To 2015 - 2016
siren

By Dale kerem

  1. Untitled
    Untitled
    By Molly Friedel, 12
  
Her eyes shimmered in the ghostly light of the moon, flashing darkly before once again returning to their serene blue. With a small smile, she held out her hand.
 
"Don't worry. What could possibly go wrong this late at night? There’s not a soul around to catch us."
 
So I grabbed her hand and she pulled me in, running and stumbling down the sandy bank.
 
She laughed, and fear coursed through my veins as cold as ice.
 
“Come on, Lainy,” she giggled, winding her thin arms around my neck. “Don’t be scared, it’ll be fun.”
 
I grimaced at the unattractive nickname. “Don’t call me that, ‘Lyssa, you know I hate it. Anyway, I’m not scared.” I ducked out of her embrace and sauntered closer to the water, trying so hard to keep my legs steady underneath me. I felt unnaturally brave, like someone else was controlling my limbs; making me step further and further into the warm water. It lapped around my ankles, soaking through my sneakers and socks and making me shudder.
 
“That’s right, Lainy.” She kicked off her sandals and skipped towards me. “Just a few more steps.”
 
The water had reached the hem of my shirt by then, and the crashing waves around me had dulled to a low roar. With each passing minute the tide rose and Alyssa took another step towards me, causing me to stumble deeper and deeper into the dark sea.

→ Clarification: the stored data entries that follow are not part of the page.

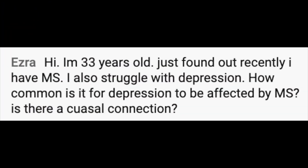Ezra writes: I'm 33 years old, just found out recently that I have MS. I also struggle with depression. How common is it for depression to be affected by MS? Is there a causal connection? Ezra, thanks for feeling comfortable writing in — you are not alone. In fact, having multiple sclerosis results in doubling the likelihood that that individual will experience depression or anxiety at some point in their life, double compared to the general population. That's a really, really high likelihood, and in my practice taking care of people impacted by MS, I see depression very, very commonly and I treat it very commonly.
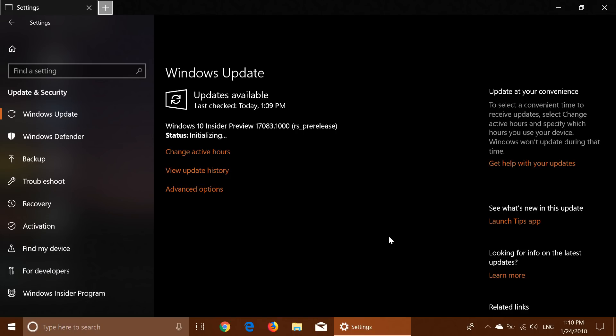So check it out, we have a new build today. It's of course here as you see, initializing, and I will download and install it. My review will be coming up later today since it's an early release, early afternoon, 1pm here.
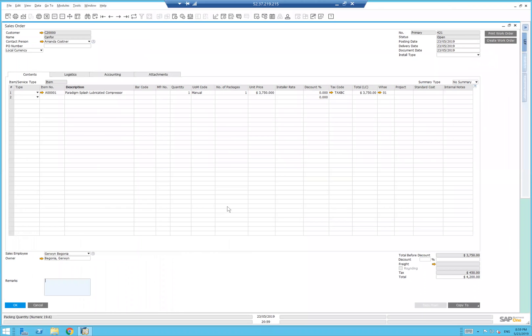Hello everyone. Today we're going to see how we can apply an AR down payment, an incoming payment, to an SAP Business One sales order.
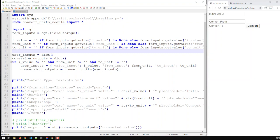Hi guys. In the last video we got to a point of having a working unit converter as a web app. We used the same function created back when we had the command line program, and now our web application is at version zero. We wish to take it to the next step, and in my opinion the next step would be to get rid of these text fields and replace them with drop-downs.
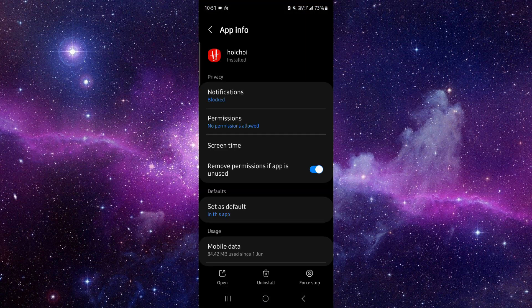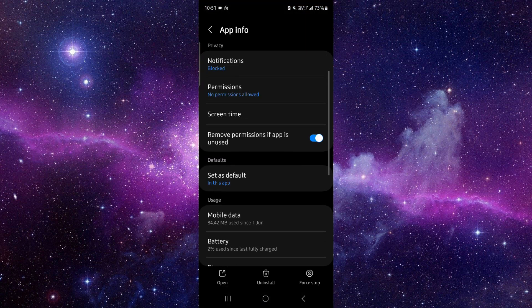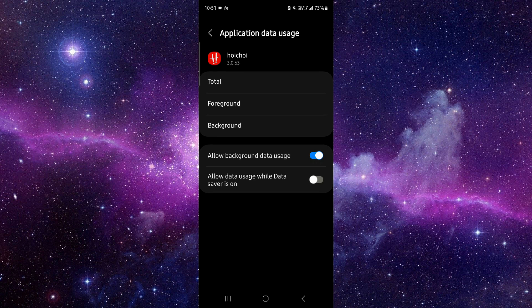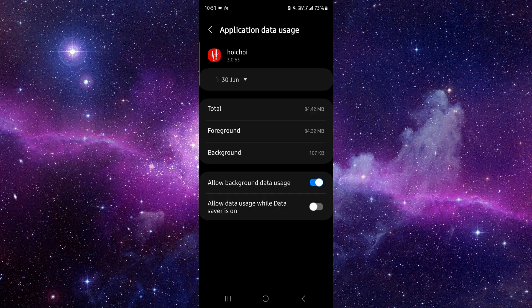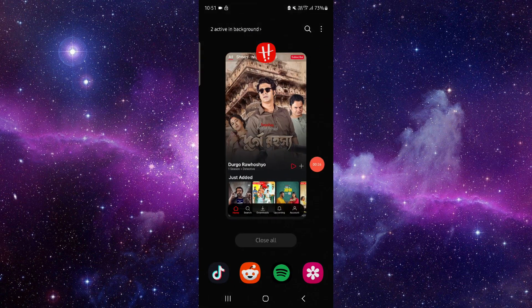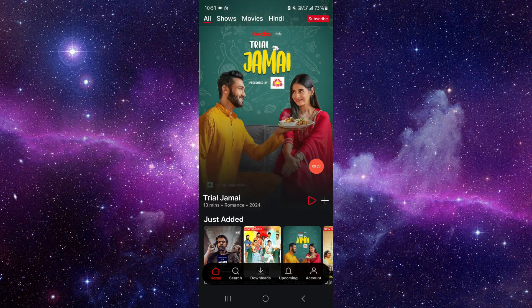Then go to background and allow the background usage. After that, go back and open the app again.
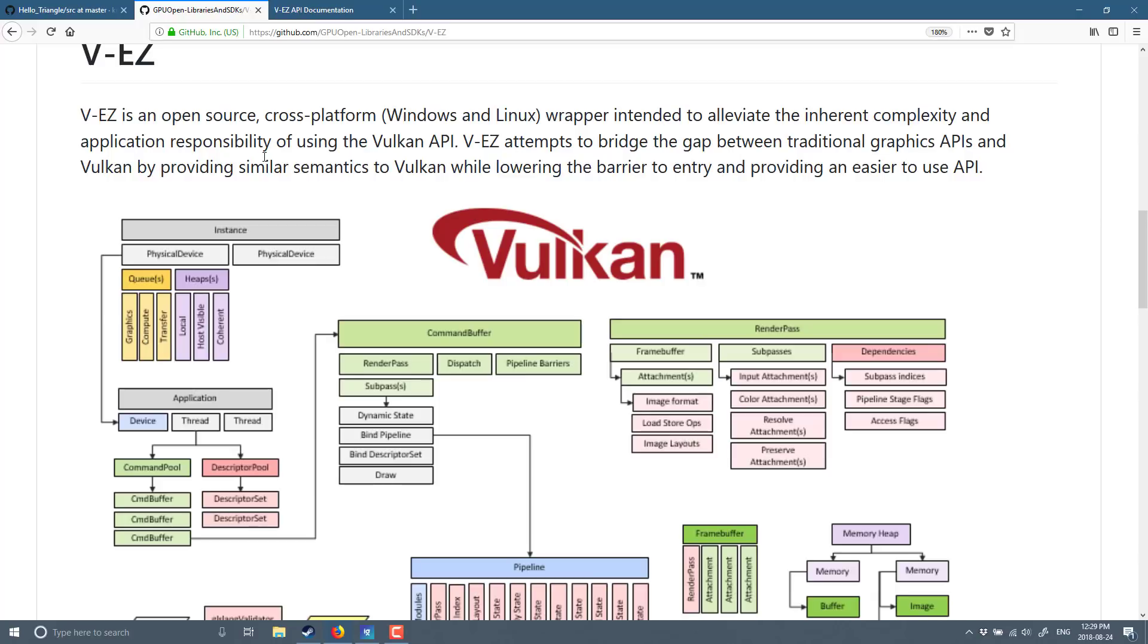VEZ attempts to bridge the gap between traditional graphics APIs and Vulkan by providing similar semantics to Vulkan while lowering the barrier to entry and providing an easier to use API. Put in simplest terms, it's an easier Vulkan.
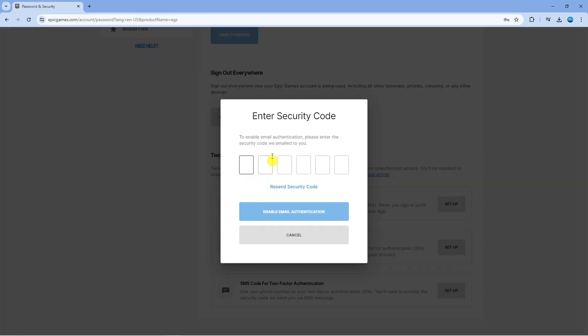So in this example what's happened is the code has been sent to my email so what you're going to want to do is enter the code that gets sent to you whether that's through SMS, email or the app depending on what method you've chosen.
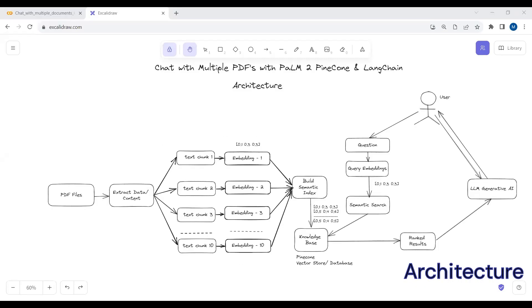In this video, we will learn how we can create a chatbot to chat with multiple PDF documents using Palm2 as our large language model, Pinecone as our vector database, and LangChain which works as a framework to build large language models.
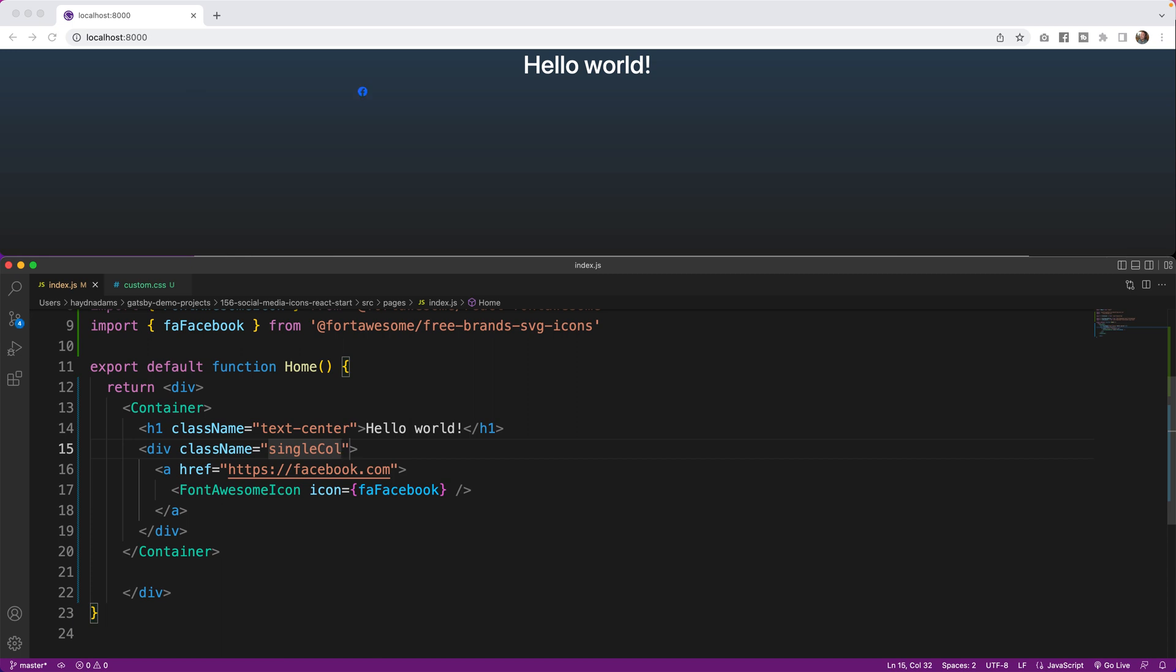If we add all these components to our index file, so if we come back in inside this div, I'm going to say className equals single call, that's going to first move it towards the middle, and I'm also going to say social media icons white, and now poof, there it goes.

I was shivering, although not from cold, struggling to keep my head above the curling waves as my toes brushed the sandy bottom. The redheaded girl grinned maniacally, her short skirt flowing out around her legs.
 
“You’re not quite there yet, darling.” Before I could respond she had placed her hands on my shoulders and locked eyes with me. “Take a deep breath now, Lain.” Her eyes glimmered and I complied, gasping in as much air as I could just seconds too late, tasting salt on my tongue and in my throat, trying to scream but only choking more, grabbing Alyssa’s hands, trying to pry her off of me. Sharp nails dug into my shoulders, tearing holes in the fabric of my shirt and slicing delicate half-moons into my skin as I struggled against her. I gasped at the pain, and my vision began the go dark and fuzzy around the edges.
 
Just before I went completely under I remembered her words, could almost hear her laughter, muffled by the waves:
 
What could possibly go wrong this late at night?